# Lake Cumberland Trip Planning Help Needed



## Backwater (Aug 13, 2006)

My brother and I are heading down to Lake Cumberland sometime in mid to late October, hoping to find some smallmouth/largemouth bass. We've never been to Lake Cumberland, and have no idea where we will find the fish at that time of the year. The lake looks to be extremely deep, but we're hoping to find some smallmouth feeding along the edges or way up in some of the creeks that feed into the lake. Would appreciate any suggestions from those who have gone before us regarding sections of the lake to concentrate on. Trying to decide where to stay down there, and of course that will depend on where we want to fish. Any help or suggestions on where to start would be appreciated. We've fished lots of reservoirs in the past (Cave Run, Dale Hollow, Cherokee Lake, etc) and have had mixed results. We like to troll, cast the shoreline, and jig with ned rigs, wacky rigs, drop shots, but if the fish are too deep, we always have problems getting our lures down deep enough and on target. Any suggestions you may have for us would be appreciated..


----------



## privateer (Apr 26, 2012)

hire a local guide for 1 day. will be $ well spent.


----------



## Backwater (Aug 13, 2006)

When we went down to Cherokee Lake fishing for small mouth and largemouth, you suggested that we get a guide and fish for Stripers. We took your advice and fished for Stripers and Hybrids using a local guide. The guide definitely put us onto the Stripers and Hybrids, but we found that he was using equipment and techniques that we could not duplicate on our boat ($1000 bait tank for alewife, downriggers and boards, etc.) so while we had 5 hrs of pure bliss, we spent the rest of the week searching for smallmouth and largemouth, and eventually found a few. As a guide on Lake Erie, you probably use special techniques and equipment to get your baits down to the depths you need to reach to put your clients onto the walleye (downriggers, boards, line counter reels, lead or wire lines, etc) , and that is great for those clients who are looking for a morning or afternoon trip to catch their limit. My brother and I are catch and release, and don't want to fish deep because, in summer, most of your catch won't survive being yanked up from deep water. Don't get me wrong, folks who fish deep for their limit are good people and I don't mean to imply that there is anything wrong with that. If I could find a guide who fishes shallow, like we do, I'd do it in a heartbeat, and if you know of someone like that on Lake Cumberland, I'd appreciate the referral. Thanks as always for your help and advice. By the way, we would like to fish for bass and walleye on Lake Erie, do you know of anyone who guides in shallow water


----------



## privateer (Apr 26, 2012)

Talk with the guide in advance of booking and ask about techniques.

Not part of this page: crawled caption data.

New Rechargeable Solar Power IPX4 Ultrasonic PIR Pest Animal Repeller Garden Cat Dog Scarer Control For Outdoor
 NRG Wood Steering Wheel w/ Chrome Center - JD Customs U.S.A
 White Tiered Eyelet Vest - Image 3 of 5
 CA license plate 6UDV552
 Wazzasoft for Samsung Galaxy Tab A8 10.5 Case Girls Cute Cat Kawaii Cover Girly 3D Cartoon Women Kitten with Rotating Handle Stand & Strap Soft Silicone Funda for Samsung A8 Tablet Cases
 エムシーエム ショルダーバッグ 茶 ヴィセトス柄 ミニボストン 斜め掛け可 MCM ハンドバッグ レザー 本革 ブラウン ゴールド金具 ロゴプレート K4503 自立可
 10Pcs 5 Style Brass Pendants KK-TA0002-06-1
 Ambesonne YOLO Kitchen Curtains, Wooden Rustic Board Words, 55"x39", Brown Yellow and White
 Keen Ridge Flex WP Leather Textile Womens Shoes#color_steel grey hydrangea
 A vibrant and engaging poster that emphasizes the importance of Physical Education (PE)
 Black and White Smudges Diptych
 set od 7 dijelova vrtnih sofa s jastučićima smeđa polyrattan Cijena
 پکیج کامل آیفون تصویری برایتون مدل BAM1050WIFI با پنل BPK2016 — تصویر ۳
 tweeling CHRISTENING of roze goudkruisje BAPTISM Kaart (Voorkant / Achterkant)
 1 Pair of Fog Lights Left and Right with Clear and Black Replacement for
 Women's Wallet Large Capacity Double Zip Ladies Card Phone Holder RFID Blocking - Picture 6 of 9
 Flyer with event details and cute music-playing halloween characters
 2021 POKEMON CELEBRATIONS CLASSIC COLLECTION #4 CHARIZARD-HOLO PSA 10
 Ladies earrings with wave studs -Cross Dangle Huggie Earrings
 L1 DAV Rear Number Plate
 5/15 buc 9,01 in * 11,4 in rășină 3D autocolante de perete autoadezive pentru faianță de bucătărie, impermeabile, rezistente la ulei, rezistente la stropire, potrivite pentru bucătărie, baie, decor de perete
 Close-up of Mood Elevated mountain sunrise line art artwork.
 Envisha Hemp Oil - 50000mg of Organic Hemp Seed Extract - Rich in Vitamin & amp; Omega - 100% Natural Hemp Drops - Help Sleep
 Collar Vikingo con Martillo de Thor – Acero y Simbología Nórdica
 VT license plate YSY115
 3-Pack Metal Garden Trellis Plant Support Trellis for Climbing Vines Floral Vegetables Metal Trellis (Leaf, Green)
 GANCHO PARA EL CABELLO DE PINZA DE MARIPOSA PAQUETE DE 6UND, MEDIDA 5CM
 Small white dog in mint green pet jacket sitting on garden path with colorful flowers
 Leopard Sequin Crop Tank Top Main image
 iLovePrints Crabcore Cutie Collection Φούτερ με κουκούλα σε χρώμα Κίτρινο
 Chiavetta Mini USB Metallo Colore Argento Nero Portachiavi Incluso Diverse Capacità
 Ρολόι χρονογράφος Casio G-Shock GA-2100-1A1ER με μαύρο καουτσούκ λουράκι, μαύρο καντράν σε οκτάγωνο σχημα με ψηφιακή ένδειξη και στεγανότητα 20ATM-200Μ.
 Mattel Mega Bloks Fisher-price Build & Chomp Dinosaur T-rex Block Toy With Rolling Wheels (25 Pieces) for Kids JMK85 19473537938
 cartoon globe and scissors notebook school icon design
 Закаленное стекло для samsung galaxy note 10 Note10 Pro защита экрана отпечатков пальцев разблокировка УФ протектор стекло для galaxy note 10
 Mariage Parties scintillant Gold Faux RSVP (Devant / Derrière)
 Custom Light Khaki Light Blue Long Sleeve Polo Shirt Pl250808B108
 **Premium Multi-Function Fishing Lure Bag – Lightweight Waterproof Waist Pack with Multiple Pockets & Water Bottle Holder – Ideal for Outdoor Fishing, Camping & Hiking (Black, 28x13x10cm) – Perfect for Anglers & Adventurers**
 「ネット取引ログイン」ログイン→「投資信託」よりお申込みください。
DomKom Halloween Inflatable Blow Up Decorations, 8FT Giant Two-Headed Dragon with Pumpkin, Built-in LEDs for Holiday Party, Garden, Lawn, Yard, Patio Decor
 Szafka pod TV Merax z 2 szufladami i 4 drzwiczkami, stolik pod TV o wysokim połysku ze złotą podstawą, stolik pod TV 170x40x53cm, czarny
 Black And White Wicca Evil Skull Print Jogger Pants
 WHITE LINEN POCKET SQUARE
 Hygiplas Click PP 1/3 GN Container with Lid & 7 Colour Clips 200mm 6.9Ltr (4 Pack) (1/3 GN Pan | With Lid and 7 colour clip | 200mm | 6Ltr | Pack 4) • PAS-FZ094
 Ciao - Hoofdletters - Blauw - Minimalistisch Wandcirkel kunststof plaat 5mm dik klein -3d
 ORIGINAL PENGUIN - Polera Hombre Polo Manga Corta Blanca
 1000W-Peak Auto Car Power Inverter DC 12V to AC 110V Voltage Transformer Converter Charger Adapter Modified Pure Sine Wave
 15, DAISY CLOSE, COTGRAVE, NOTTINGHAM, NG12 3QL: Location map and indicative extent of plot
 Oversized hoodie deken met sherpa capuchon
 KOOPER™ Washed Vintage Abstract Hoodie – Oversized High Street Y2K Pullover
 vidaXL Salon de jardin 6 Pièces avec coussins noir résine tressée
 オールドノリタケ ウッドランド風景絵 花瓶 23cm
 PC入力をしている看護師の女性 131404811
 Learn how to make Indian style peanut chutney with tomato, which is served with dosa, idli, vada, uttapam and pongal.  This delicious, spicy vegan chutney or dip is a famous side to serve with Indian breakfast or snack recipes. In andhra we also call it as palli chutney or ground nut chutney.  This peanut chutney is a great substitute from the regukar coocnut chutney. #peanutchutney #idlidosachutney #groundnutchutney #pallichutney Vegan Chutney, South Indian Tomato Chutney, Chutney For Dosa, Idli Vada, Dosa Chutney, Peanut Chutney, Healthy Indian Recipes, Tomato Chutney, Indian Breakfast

On Erie we use mostly the same fishing gear that I used back when i fished for myself with the 18' Alumacraft Trophy. (better quality and dialed in today) Only significant difference is a 6' mast versus the 9' mast and then the size of the boards giving us a much larger spread for the Baha boat - but then it is fishing for 3 people versus 8 or so... but yes, in summer on central basin there are more fish deep than in the shallows. however, i have seen a charter go out casting in late july for walleye in the 20-35'fow. i would not do it myself though... if you want to do that or chase bass on erie, drop me a PM and i can put you in touch with a couple guys. however that is mostly a spring bite.

as for lake cumberland. i know a striper guy but don't personally know others there. i plan to focus on East TN lakes this fall/winter season.

good luck and tight lines!


----------